Esperaba un recibimiento triunfal, si no de la población indiferente a las acostumbradas guerras entre señores equiparables y soldados igualmente alquilables por uno u otro bando, al menos de sus propias tropas. Avanzó por las calles estrechas y desde las ventanas llovieron sobre su cabeza y sobre su corcel enjaezado nubes de pluma y tormentas de paja.

—¿Qué pasa?, ¿qué significa?, gritó el Señor desde el caballo a un capitán de su tropa viéndole salir de una de las casas, y el capitán, con el rostro congestionado, le dijo que los soldados españoles, dentro de las casas, destrozaban los lechos con los puñales, buscando el oro que, de acuerdo con la conseja bien sabida, atesoraba bajo sus almohadas esta raza de tacaños y usureros de los burgos del norte; de buena gana, los soldados hubiesen desfenestrado a los propios habitantes; pero éstos huyeron espantados y acaso dejaron olvidados sus ahorros. Al menos, eso creían los soldados. ¿No saben entonces que ésta es una cruzada de la fe y no una guerra de botín, no saben que entre todos los príncipes de la cristiandad el Papa me nombró Defensor Fides para erradicar esta herejía flamenca?, le preguntó el Señor al capitán y el capitán meneó la cabeza; cruzada o no, libran estas guerras muchos saldados comprados, Señor, pues nadie combate por gusto o sacrificio, sino porque la guerra es su profesión, y no les importa contra quién pelean, si hay botín y sueldo; el Señor podría arrastrar a esta cruzada a los campesinos de sus dominios; semejantes villanos saben manejar el arado, mas no la espada y mucho menos el arcabuz y la bastarda y el gran cañón que nos dio la victoria, alabado sea Dios, que gracias a su providencia no se dirá de nosotros como de los ejércitos desairados, que el honor militar tiene su trono colocado sobre los triunfos de los enemigos. Acepte con resignación el deshonor del saqueo, Señor, pues es prueba de la victoria, y que el honor de los vencidos sirva de pasto a los gusanos y a las moscas.

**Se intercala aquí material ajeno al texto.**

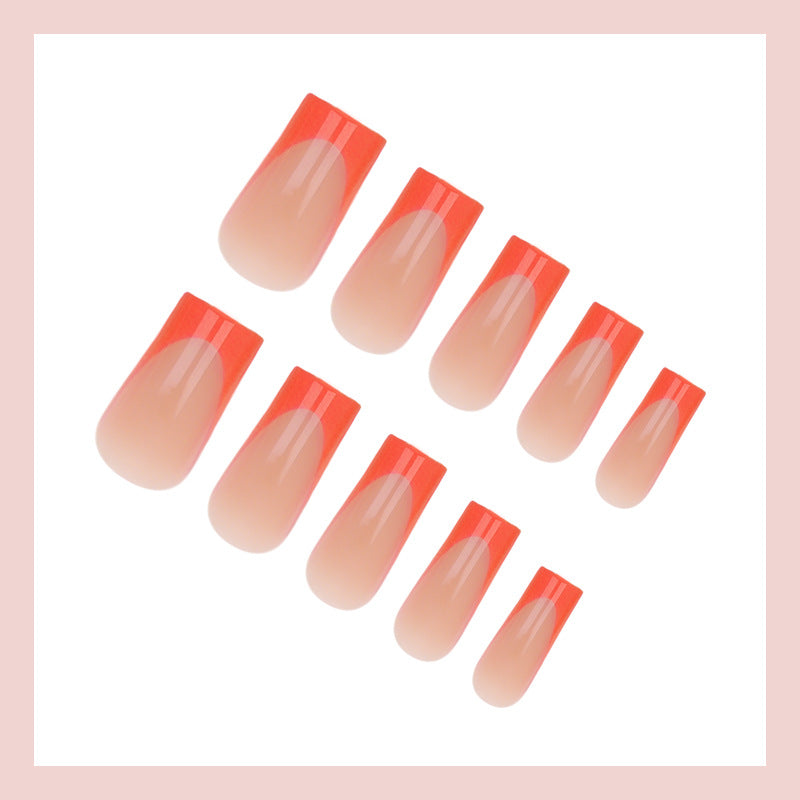 Kunstnagelset mit stilvollem Farbverlauf und eleganten Designs Karnz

El capitán se alejó y sobre el Señor no llovieron esa tarde ni flores frescas ni aterrados burgueses, sino el relleno de almohadones y colchones destripados. Y en las calles los cadáveres eran devorados por los perros, antes que por los gusanos y las moscas que invocó el capitán. Preso de cólera, el Señor se detuvo frente a la catedral y pidió a los ballesteros de la guardia que abriesen de par en par las puertas de la magnífica construcción ojival, antiquísima tumba de mártires e iglesia colegiada; que ordenasen tañer las campanas y que así se convocase a un gran tedeum por la victoria contra los enemigos de la le. Los ballesteros se mostraron acongojados y hasta nerviosos; algunos se taparon las caras con las manos para no reír o para apartar el hedor de los cadáveres amontonados en el atrio. Era difícil saber la razón exacta. Las puertas fueron abiertas por los ballesteros mientras el Señor les contemplaba y se dijo sin poder ni deber mostrar su propia duda:

«Siempre ese momento de incertidumbre entre una orden y su ejecución...»

Y él mismo se vio obligado a taparse la nariz y la boca con un guante. La pestilencia de los cuerpos arrojados en la calle entró al encuentro de la hediondez excrementicia que salía de la catedral.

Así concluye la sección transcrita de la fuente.